:: What needs to be done ::
Although the entries contain pictures, repeat only their words, exactly as written.

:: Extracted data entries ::

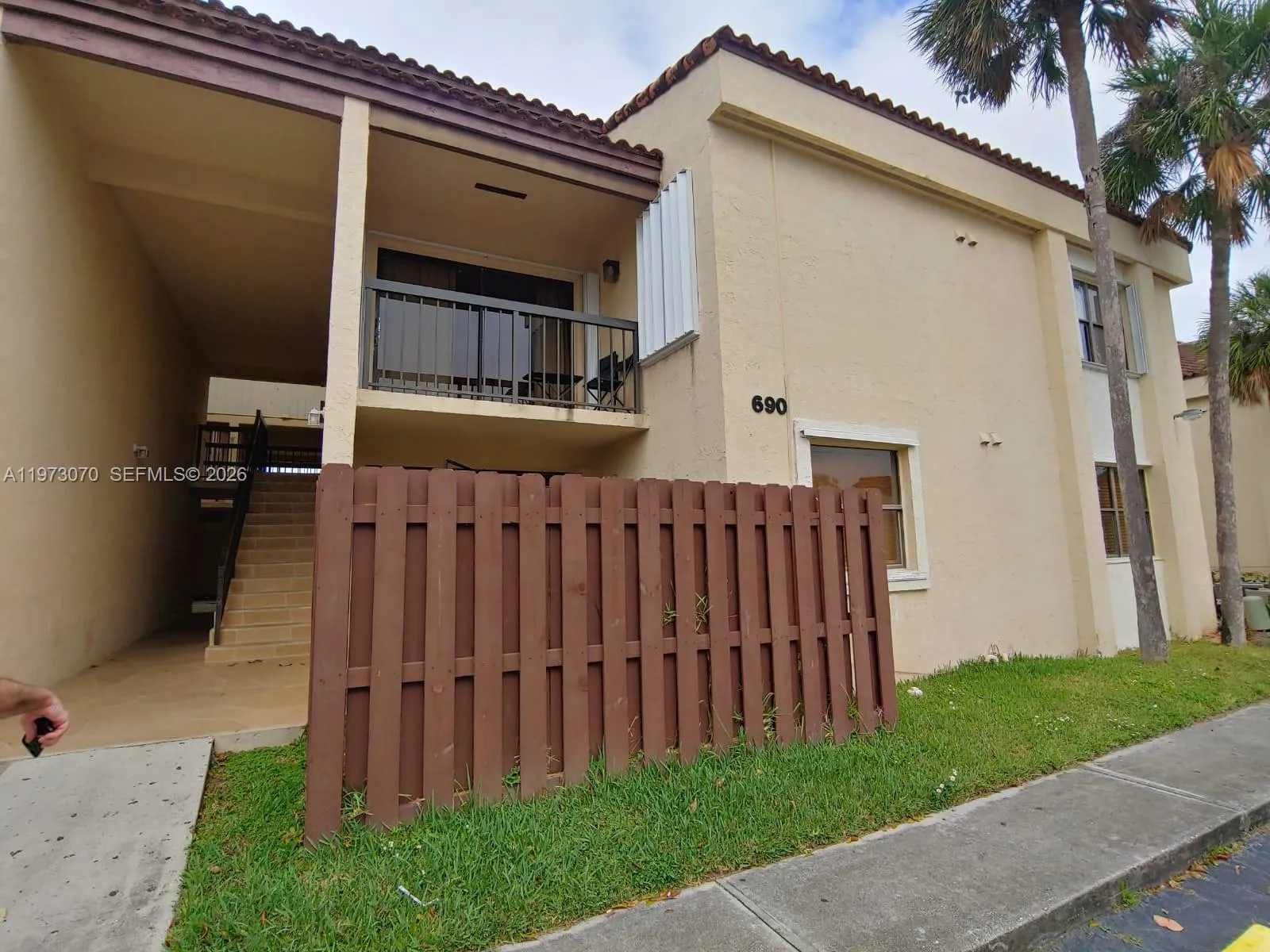 Foto de propiedad en 690 W Park Drive 2-204, Miami, FL 33172 Miami con MLS# 
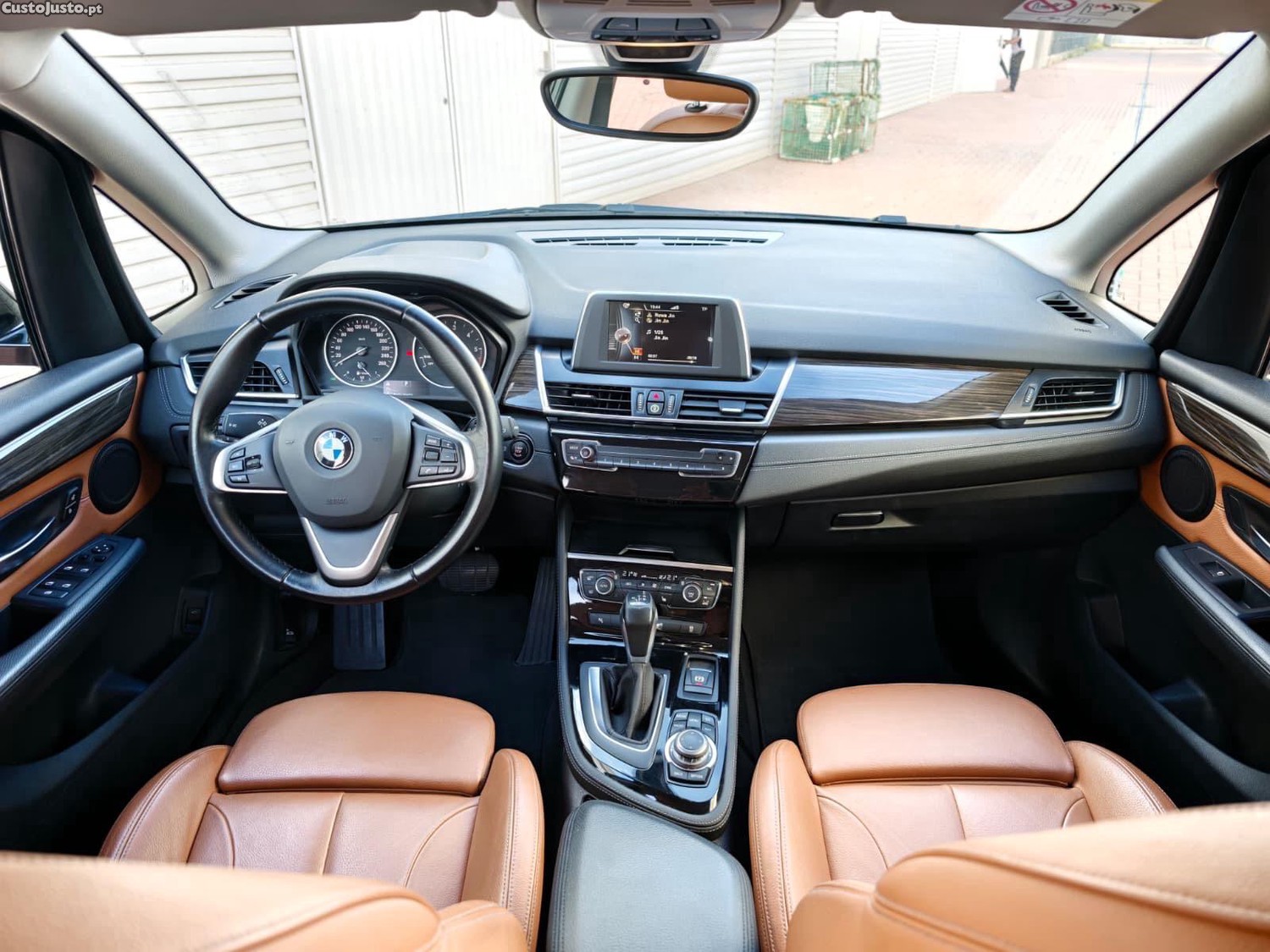 BMW 218 Active Tourer Luxury — fotografia 8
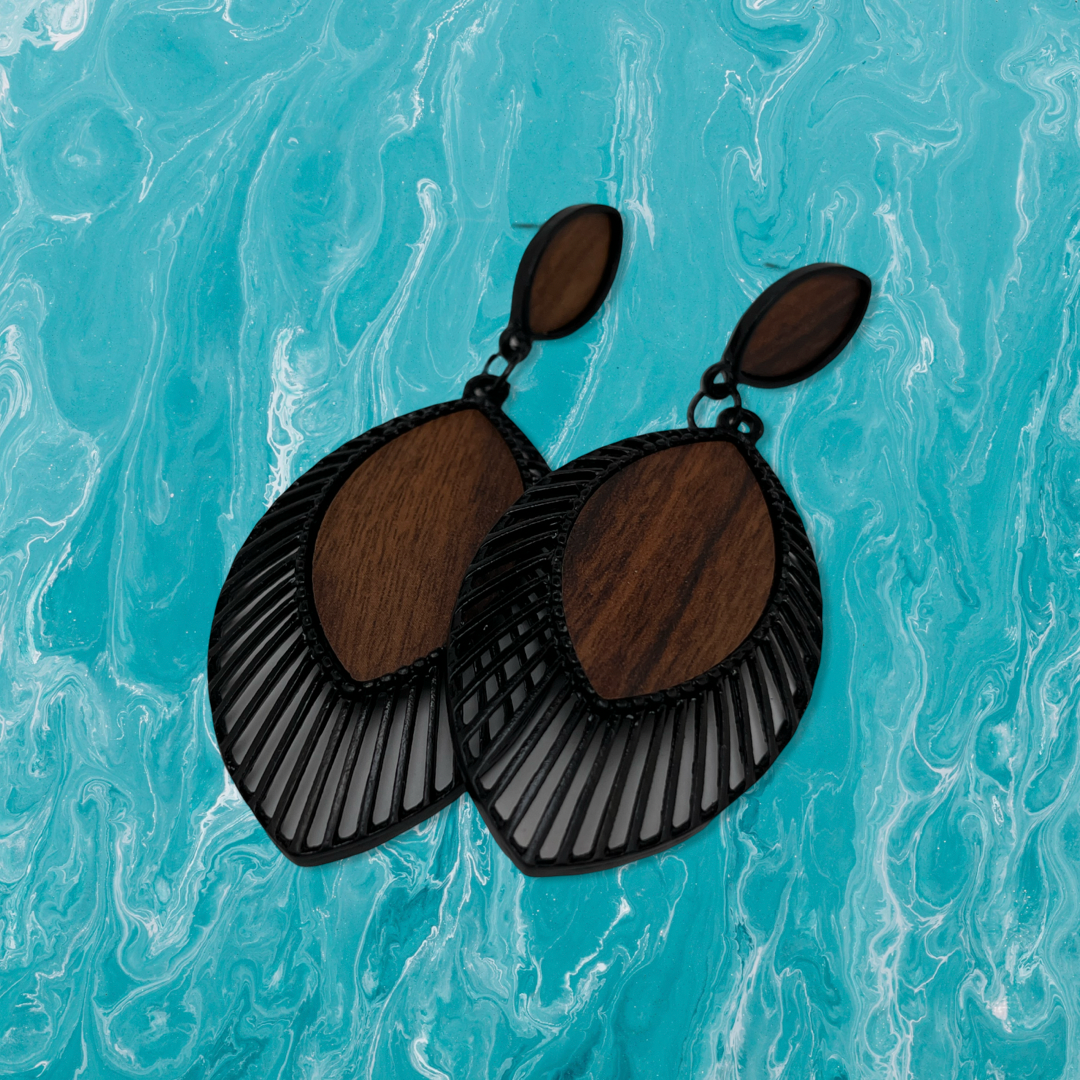 Leaf design dangle earrings-the perfect day to night transition earring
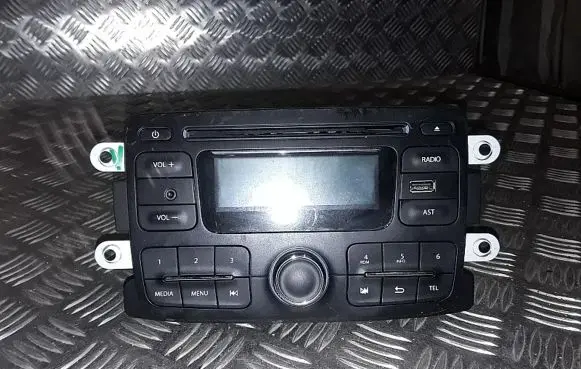 Renault Sandero II Radio/CD/DVD/GPS head unit 281155248R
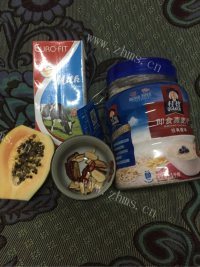 热腾腾的木瓜牛奶做法图解1)
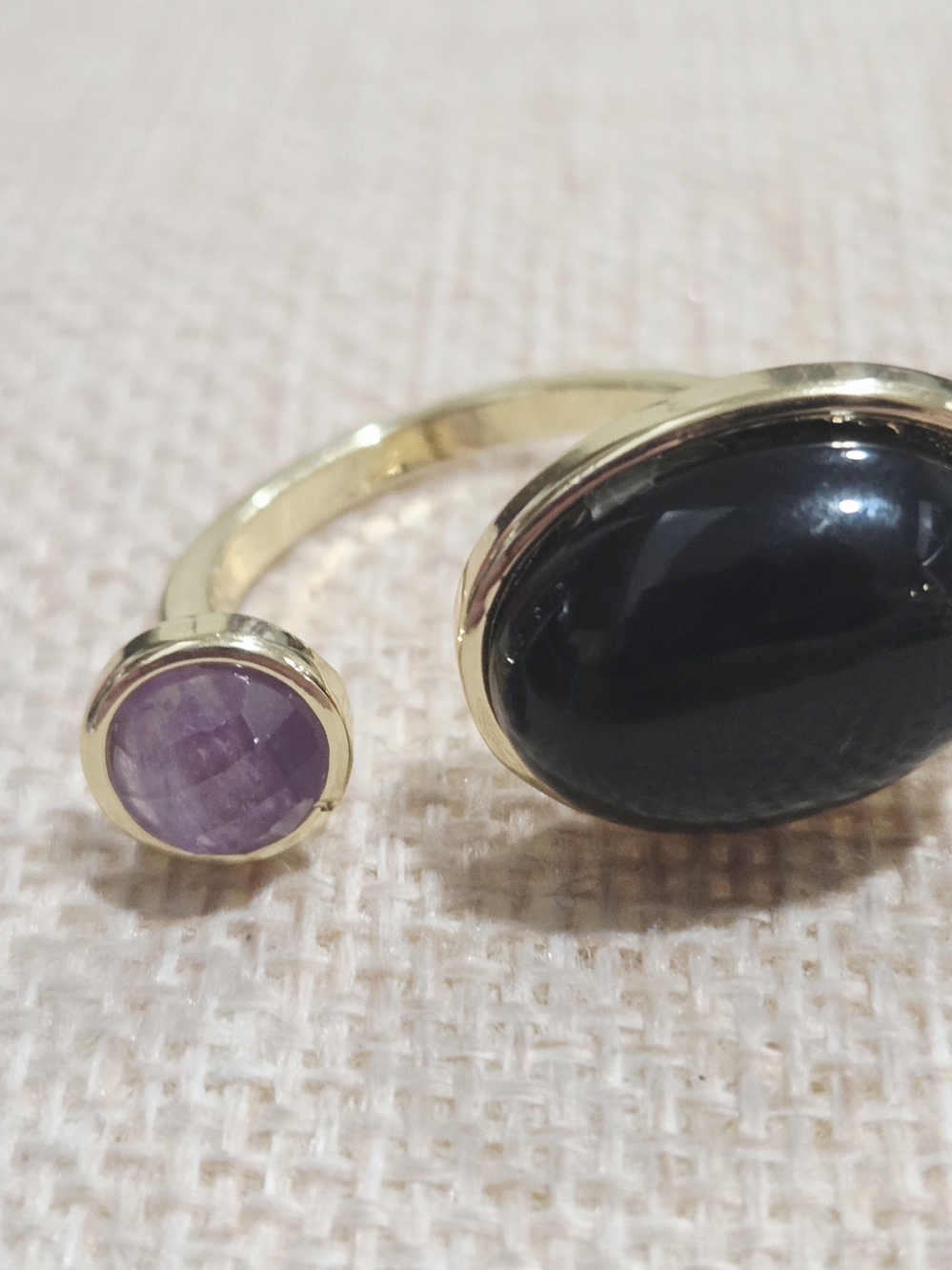 Gold Oval Onyx and Amethyst Stone Floater Ring - Picture 2 of 5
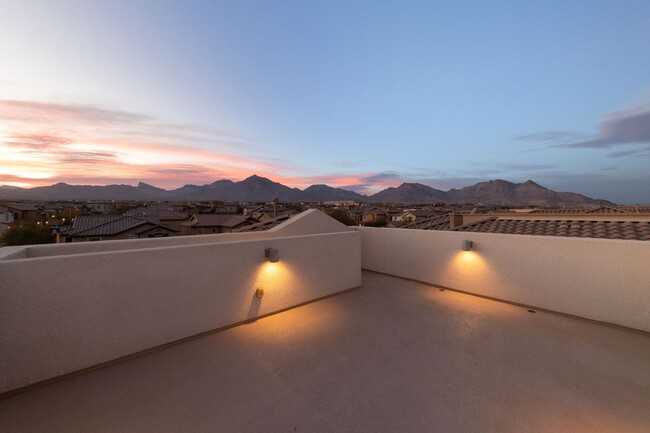 Foto del edificio - Luxury Dream Home with Unmatched Views and...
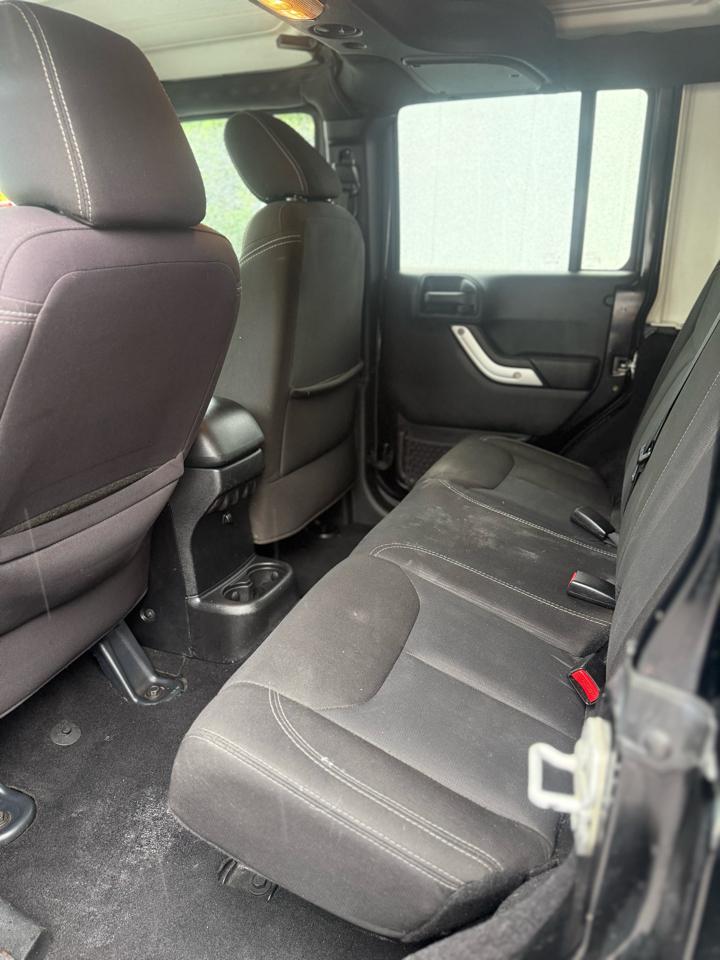 Jeep Wrangler Unlimited Sahara 4WD 2015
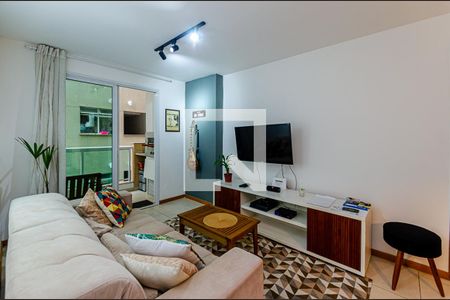 Apartamento à venda com 70m², 2 quartos e 1 vaga Apartamento à venda com 70m², 2 quartos e 1 vagaSala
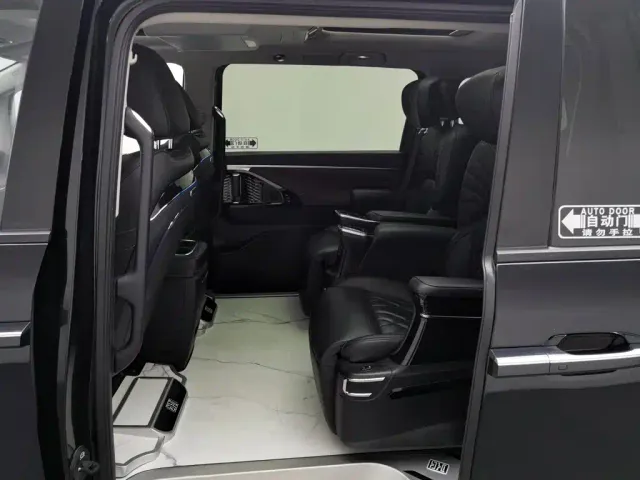 GAC Trumpchi M8 — Фото автомобиля 15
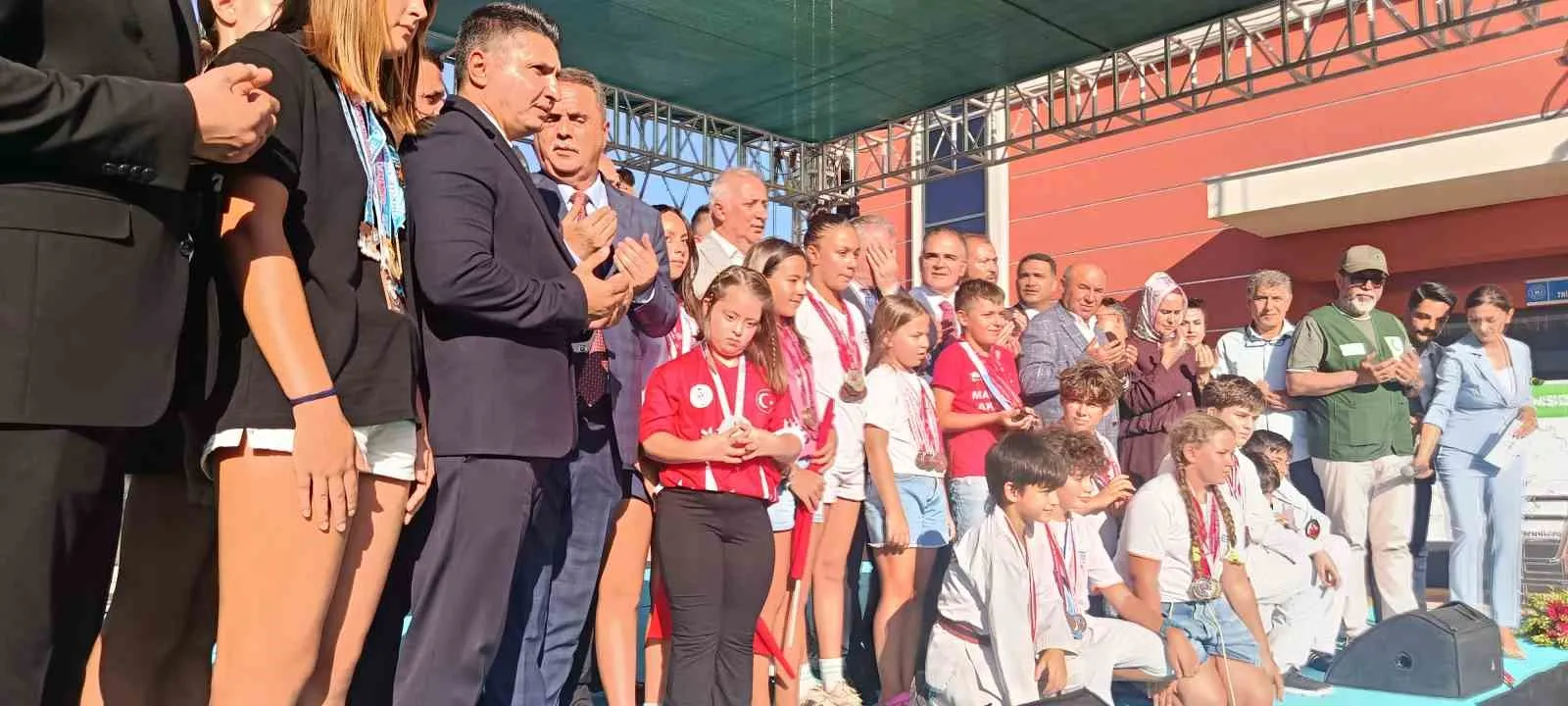 Marmaris'in spor geleceğine Bakan Bak dokunuşu: Olimpik havuz müjdesi geldi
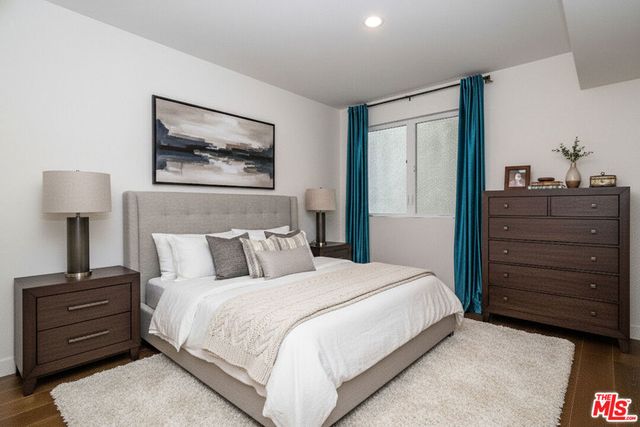 1912 W Liberty Court, Los Angeles, CA 90026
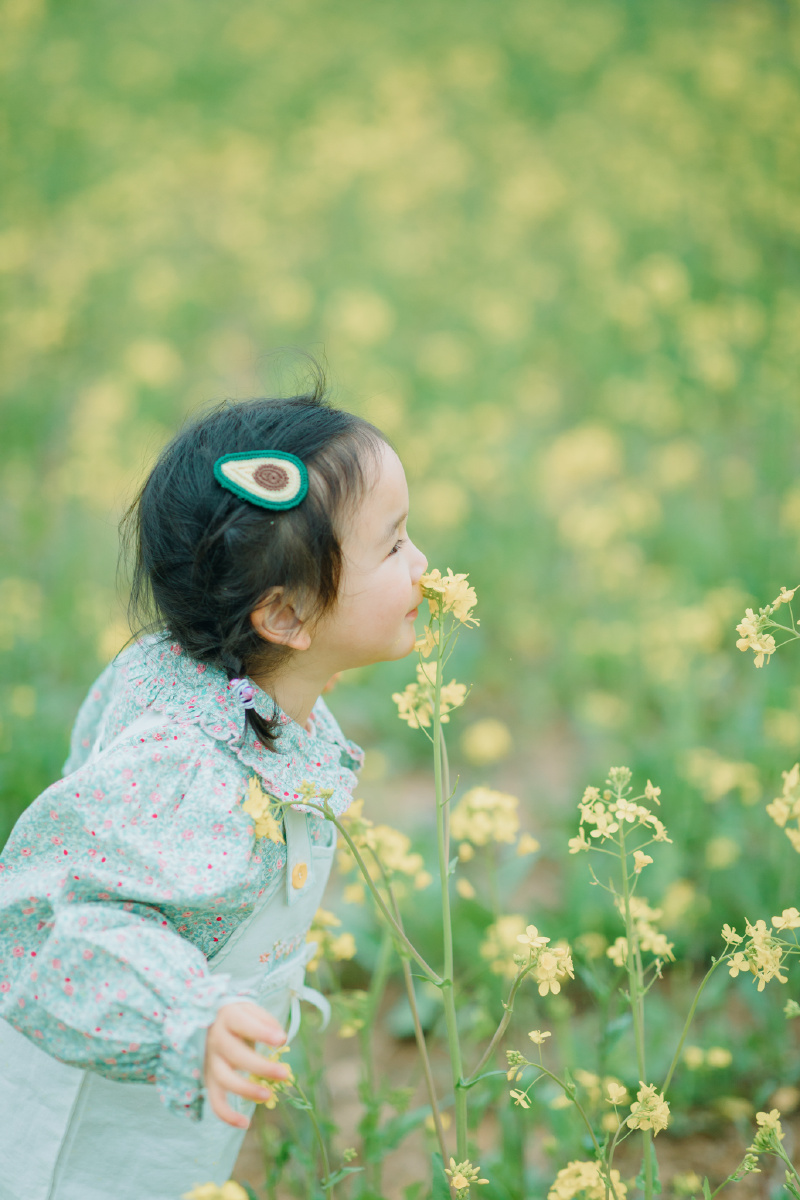 油菜花开跑向春天的小女孩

:: Answer box ::
 Foto de propiedad en 690 W Park Drive 2-204, Miami, FL 33172 Miami con MLS# 
 BMW 218 Active Tourer Luxury — fotografia 8
 Leaf design dangle earrings-the perfect day to night transition earring
 Renault Sandero II Radio/CD/DVD/GPS head unit 281155248R
 热腾腾的木瓜牛奶做法图解1)
 Gold Oval Onyx and Amethyst Stone Floater Ring - Picture 2 of 5
 Foto del edificio - Luxury Dream Home with Unmatched Views and...
 Jeep Wrangler Unlimited Sahara 4WD 2015
 Apartamento à venda com 70m², 2 quartos e 1 vaga Apartamento à venda com 70m², 2 quartos e 1 vagaSala
 GAC Trumpchi M8 — Фото автомобиля 15
 Marmaris'in spor geleceğine Bakan Bak dokunuşu: Olimpik havuz müjdesi geldi
 1912 W Liberty Court, Los Angeles, CA 90026
 油菜花开跑向春天的小女孩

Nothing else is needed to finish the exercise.